→ **REQUIREMENT**
Give each entry back by retyping it exactly as written.
==== EXERCISE MATERIAL
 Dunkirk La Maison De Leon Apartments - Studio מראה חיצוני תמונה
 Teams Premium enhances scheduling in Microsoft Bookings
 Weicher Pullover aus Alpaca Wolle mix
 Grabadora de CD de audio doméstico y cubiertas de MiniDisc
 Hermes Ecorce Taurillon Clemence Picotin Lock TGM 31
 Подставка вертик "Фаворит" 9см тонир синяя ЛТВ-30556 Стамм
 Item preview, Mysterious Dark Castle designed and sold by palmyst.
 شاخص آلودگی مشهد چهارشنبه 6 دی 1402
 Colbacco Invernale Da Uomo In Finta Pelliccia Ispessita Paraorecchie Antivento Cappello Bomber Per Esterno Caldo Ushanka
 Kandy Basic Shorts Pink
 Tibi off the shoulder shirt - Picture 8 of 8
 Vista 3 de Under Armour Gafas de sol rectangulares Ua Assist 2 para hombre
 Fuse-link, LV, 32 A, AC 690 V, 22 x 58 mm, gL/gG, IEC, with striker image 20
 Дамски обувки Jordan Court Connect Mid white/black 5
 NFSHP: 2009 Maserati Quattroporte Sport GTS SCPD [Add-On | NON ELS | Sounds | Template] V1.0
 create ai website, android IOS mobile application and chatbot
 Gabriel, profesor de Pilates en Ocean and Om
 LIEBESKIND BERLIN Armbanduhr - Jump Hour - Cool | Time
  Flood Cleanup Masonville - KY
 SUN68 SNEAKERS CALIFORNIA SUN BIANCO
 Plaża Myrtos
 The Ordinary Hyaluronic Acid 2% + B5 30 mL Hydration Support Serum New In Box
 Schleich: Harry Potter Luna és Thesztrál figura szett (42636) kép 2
========
→ **RESULT**
 Dunkirk La Maison De Leon Apartments - Studio מראה חיצוני תמונה
 Teams Premium enhances scheduling in Microsoft Bookings
 Weicher Pullover aus Alpaca Wolle mix
 Grabadora de CD de audio doméstico y cubiertas de MiniDisc
 Hermes Ecorce Taurillon Clemence Picotin Lock TGM 31
 Подставка вертик "Фаворит" 9см тонир синяя ЛТВ-30556 Стамм
 Item preview, Mysterious Dark Castle designed and sold by palmyst.
 شاخص آلودگی مشهد چهارشنبه 6 دی 1402
 Colbacco Invernale Da Uomo In Finta Pelliccia Ispessita Paraorecchie Antivento Cappello Bomber Per Esterno Caldo Ushanka
 Kandy Basic Shorts Pink
 Tibi off the shoulder shirt - Picture 8 of 8
 Vista 3 de Under Armour Gafas de sol rectangulares Ua Assist 2 para hombre
 Fuse-link, LV, 32 A, AC 690 V, 22 x 58 mm, gL/gG, IEC, with striker image 20
 Дамски обувки Jordan Court Connect Mid white/black 5
 NFSHP: 2009 Maserati Quattroporte Sport GTS SCPD [Add-On | NON ELS | Sounds | Template] V1.0
 create ai website, android IOS mobile application and chatbot
 Gabriel, profesor de Pilates en Ocean and Om
 LIEBESKIND BERLIN Armbanduhr - Jump Hour - Cool | Time
  Flood Cleanup Masonville - KY
 SUN68 SNEAKERS CALIFORNIA SUN BIANCO
 Plaża Myrtos
 The Ordinary Hyaluronic Acid 2% + B5 30 mL Hydration Support Serum New In Box
 Schleich: Harry Potter Luna és Thesztrál figura szett (42636) kép 2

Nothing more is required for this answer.